Students who are homeless might be living with another family, moving among hotels and shelters, or kicked out of their homes. Amid lives of instability, help with daily needs keeps them in school and focused on learning.
“They might have a roof over their heads, but those transient people are homeless,” said Wendy Kinnear, Region 5 coordinator for the Pennsylvania Education for Children & Youth Experiencing Homelessness Program.

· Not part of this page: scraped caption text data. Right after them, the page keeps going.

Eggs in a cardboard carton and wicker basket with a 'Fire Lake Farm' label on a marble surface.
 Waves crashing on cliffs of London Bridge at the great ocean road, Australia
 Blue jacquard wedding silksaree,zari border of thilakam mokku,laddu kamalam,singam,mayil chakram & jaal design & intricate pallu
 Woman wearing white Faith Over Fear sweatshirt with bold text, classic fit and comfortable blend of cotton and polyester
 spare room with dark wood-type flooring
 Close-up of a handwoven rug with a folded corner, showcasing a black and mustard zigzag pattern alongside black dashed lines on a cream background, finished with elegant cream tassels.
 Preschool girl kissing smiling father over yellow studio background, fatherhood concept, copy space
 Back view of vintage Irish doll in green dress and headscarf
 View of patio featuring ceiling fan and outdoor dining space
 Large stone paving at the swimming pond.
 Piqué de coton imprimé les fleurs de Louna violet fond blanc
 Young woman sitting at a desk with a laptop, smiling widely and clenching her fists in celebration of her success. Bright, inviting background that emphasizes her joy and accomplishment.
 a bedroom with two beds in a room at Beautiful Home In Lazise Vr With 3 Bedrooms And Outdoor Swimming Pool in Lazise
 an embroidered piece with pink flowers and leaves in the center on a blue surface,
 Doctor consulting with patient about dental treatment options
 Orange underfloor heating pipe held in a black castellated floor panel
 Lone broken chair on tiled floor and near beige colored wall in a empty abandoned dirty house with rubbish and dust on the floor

Kinnear works from Midwestern IU IV, coordinating efforts in a state-designated, 10-county region of western and northwestern Pennsylvania. There, 2,790 students were classified as homeless in 2016-17, according to data released in 2018 by the Pennsylvania Department of Education. Kinnear’s team includes site coordinators, program workers in other IUs, and homeless liaisons in every school district, assuring schools the resources to provide uninterrupted learning in each homeless child’s original school, as required by federal law.
Homelessness can undermine education. Students lose three to six months of academic progress with every change in school district. Those who change schools frequently are likelier to become dropouts. Disruption of schooling can perpetuate the cycle of poverty by limiting students’ future earning power.
Kinnear and her team distribute federal grants that help schools meet individual student needs, such as buying a winter coat or paying summer school fees. They train educators on awareness. Partnerships with community housing coalitions and faith organizations opens doors to emergency help, such as a bed for the night, and long-term solutions.
Kinnear sees the difference in lives changed.
- The high school graduate exploring community college options who would have dropped out if not for the clothing and other help he received.
- The girl who was homeless in her junior and senior years who graduated, earned her bachelor’s and master’s degrees, and is pursuing a career in housing and homeless services.
- The student who was living on the street but is now going to college, thanks to help from his homeless liaison and a faith-based coalition that found him a home.
“We know that we’re reaching a lot of these kids,” said Kinnear. “It’s an ongoing process, but we’ve made an impact. We have more kids graduating and more kids staying in school and doing better academically because of the programming we’re putting in place.”